Task instructions =>
The lines to copy run from the one containing "Child Adhesive Kid" to the very end of the records; give them exactly, and only them, without pictures.

(Data to process)

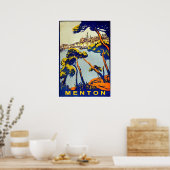 フランス,コートダジュール,メントン,ヴィンテージ旅行 ポスター (キッチン)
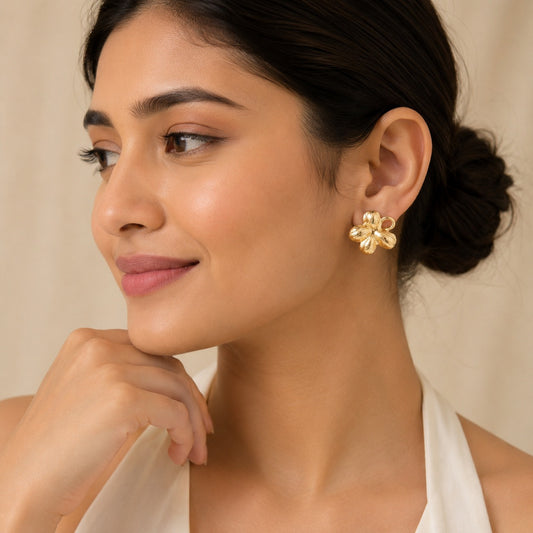 Stainless Steel Flower Earrings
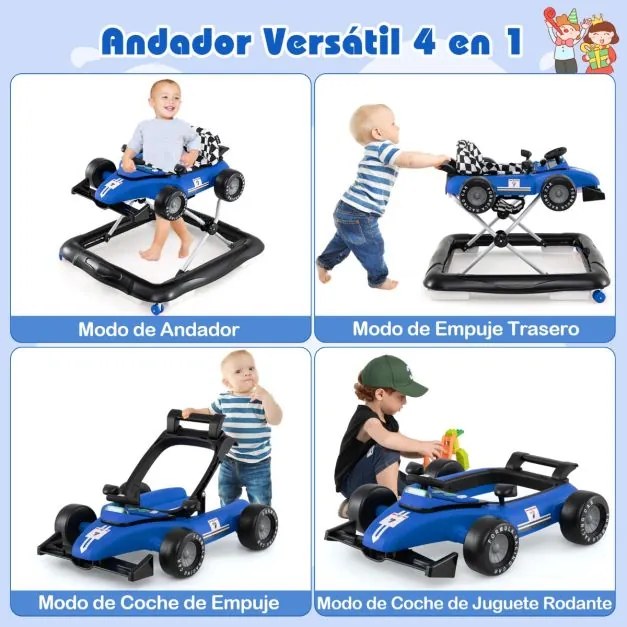 Andarilho para bebés 4 em 1 com altura ajustável em 3 níveis, volante, com assento almofadado e caixa de música azul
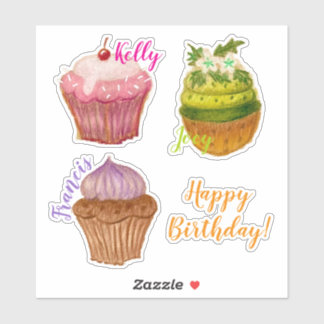 Bolo de Aniversário Adesivo de Vinil Personalizado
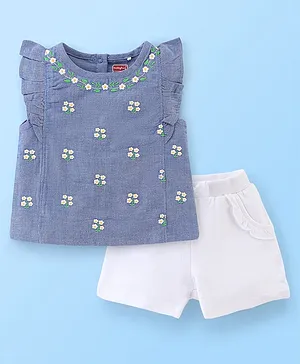 Babyhug 100% Cotton Frill Sleeves Top & Shorts Set Floral Embroidery - Blue & White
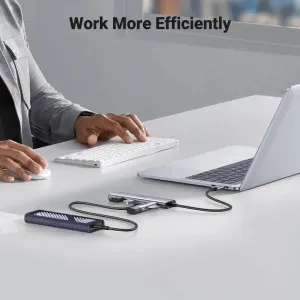 USB-хаб UGREEN CM473 USB-C to 2xUSB 3.0 + 2xUSB-C 5Gpbs (Space Grey) (15395) в Херсоне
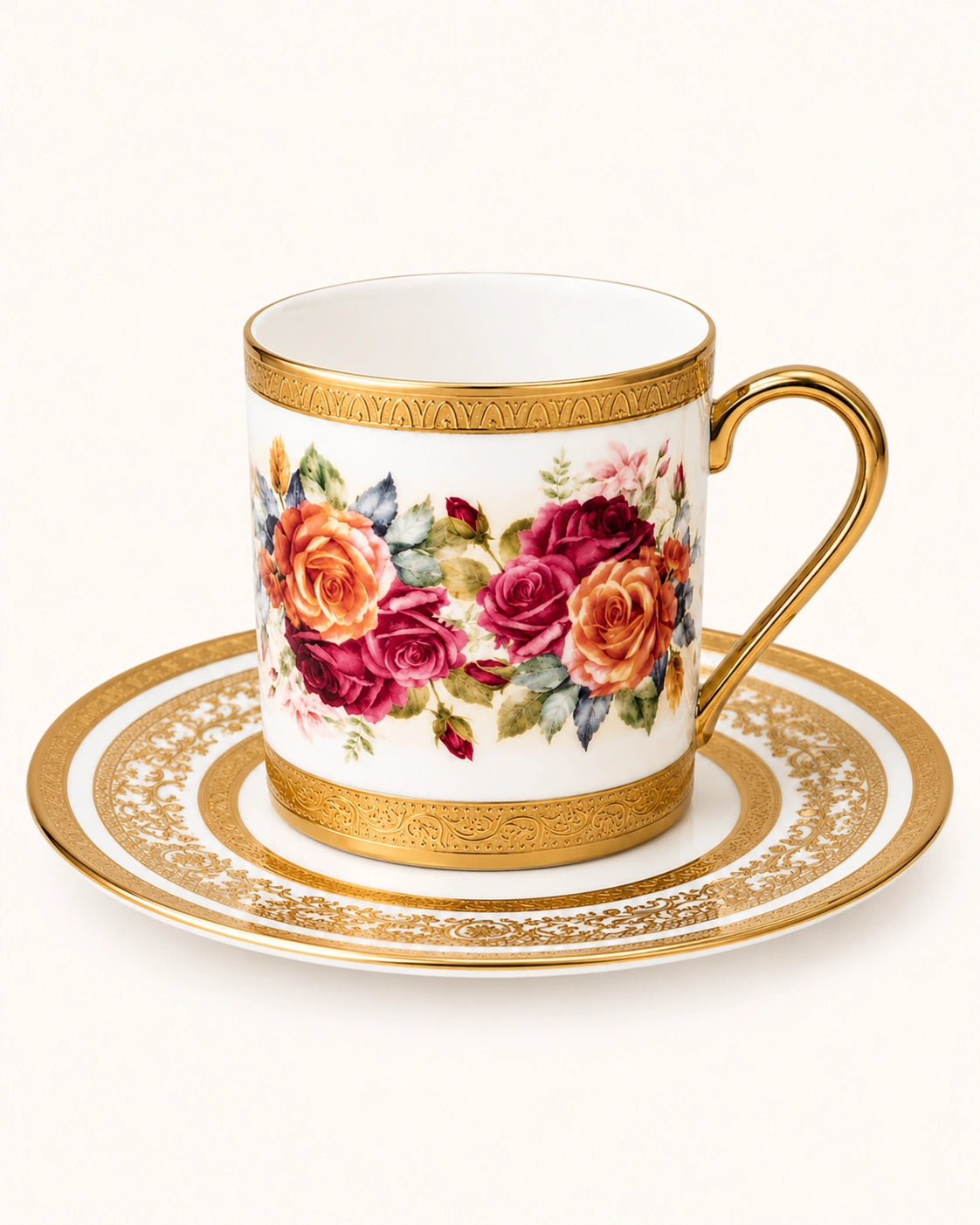 KOSOVA Juno 6-Person Porcelain Coffee Cup & Saucer Set (90 ml)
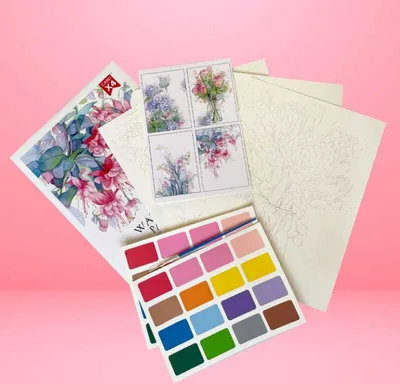 Image de Aquarelle - Fleurs en fleurs - 4 éléments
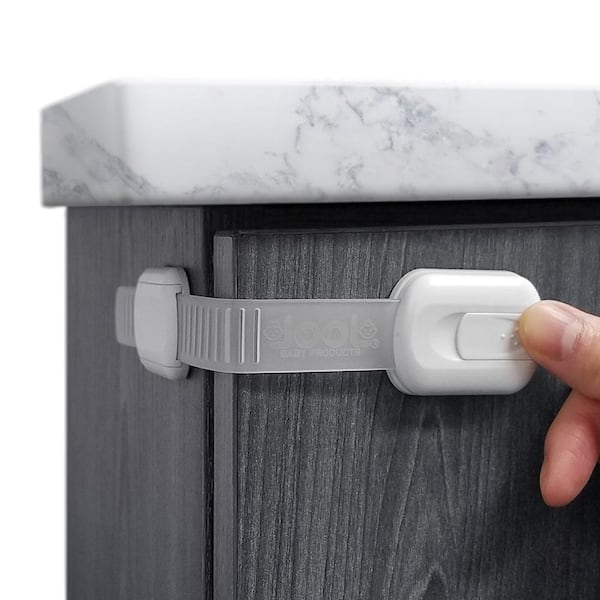Child Adhesive Kid Baby Safety Drawer Door Lock Cupboard Cabinet Belt White x 2 
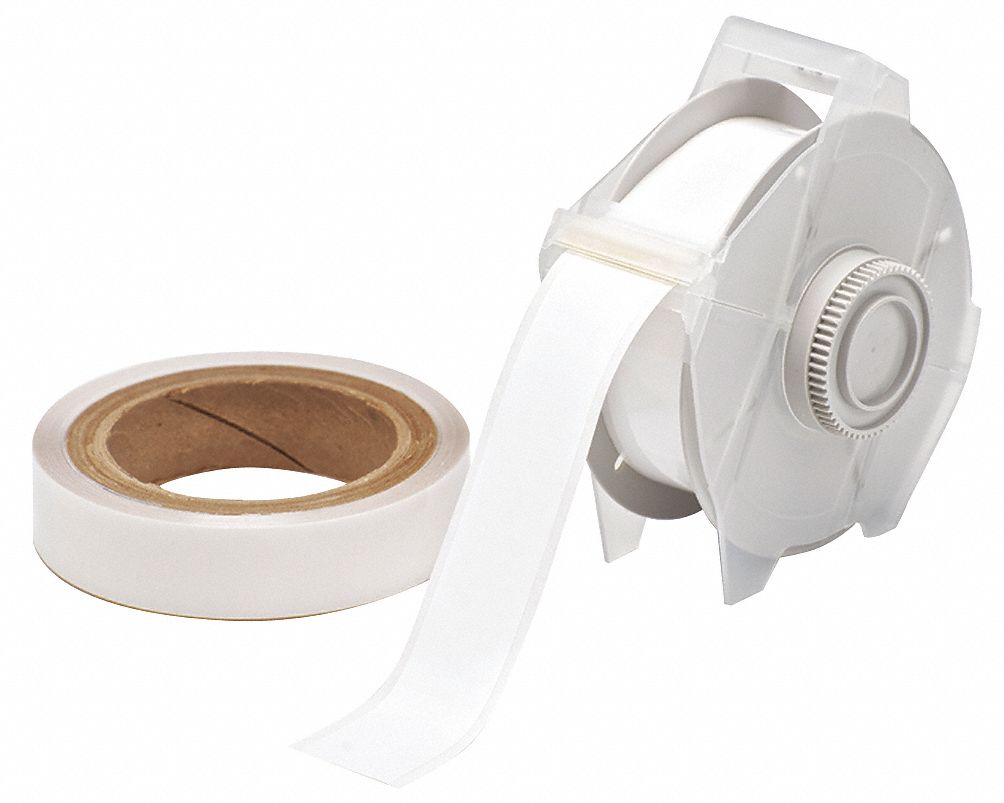 Continuous Label Stock: 1 1/8 in x 100 ft, Polyester With  Rubber  Adhesive, White (Gloss)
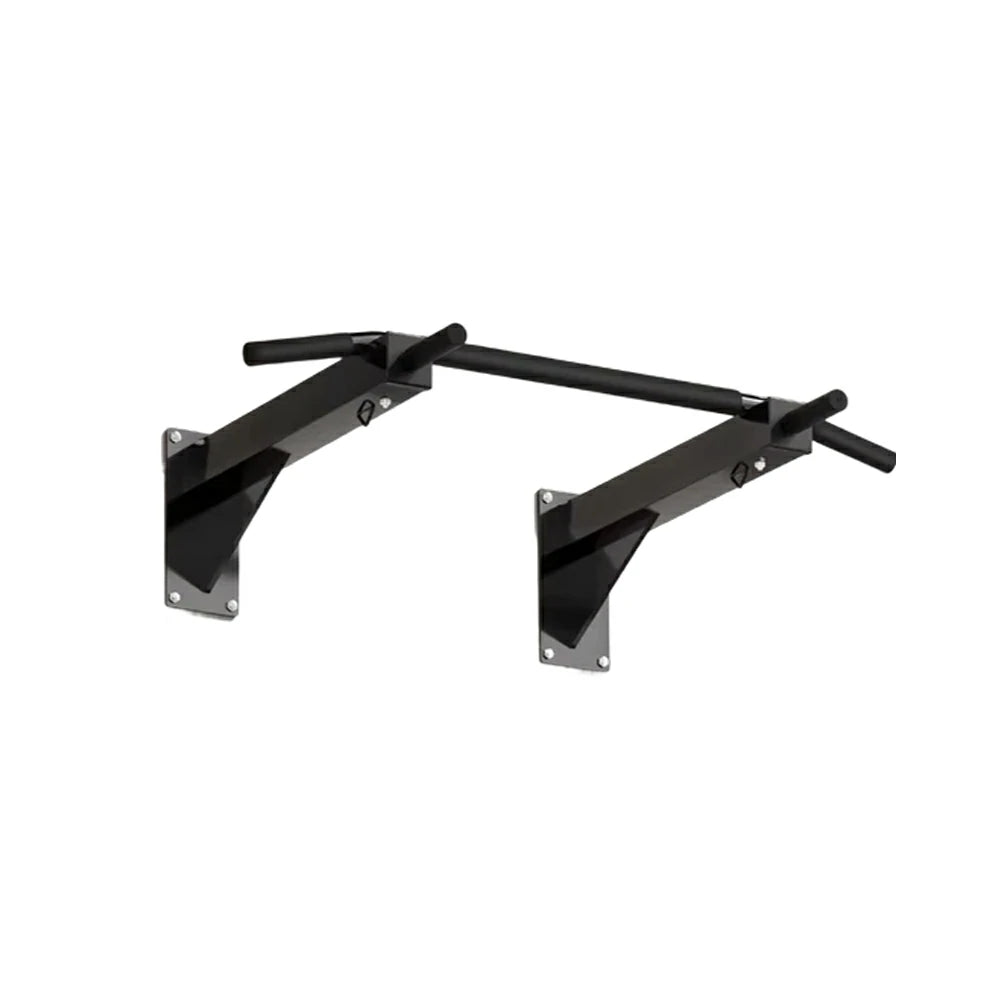 FITPRO Wall Mounted Pull Up Bar Heavy Duty Steel 200kg Capacity Space Saving Upper Body Training Home Gym - Black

(End Data to process)

Task response =>
Child Adhesive Kid Baby Safety Drawer Door Lock Cupboard Cabinet Belt White x 2 
 Continuous Label Stock: 1 1/8 in x 100 ft, Polyester With  Rubber  Adhesive, White (Gloss)
 FITPRO Wall Mounted Pull Up Bar Heavy Duty Steel 200kg Capacity Space Saving Upper Body Training Home Gym - Black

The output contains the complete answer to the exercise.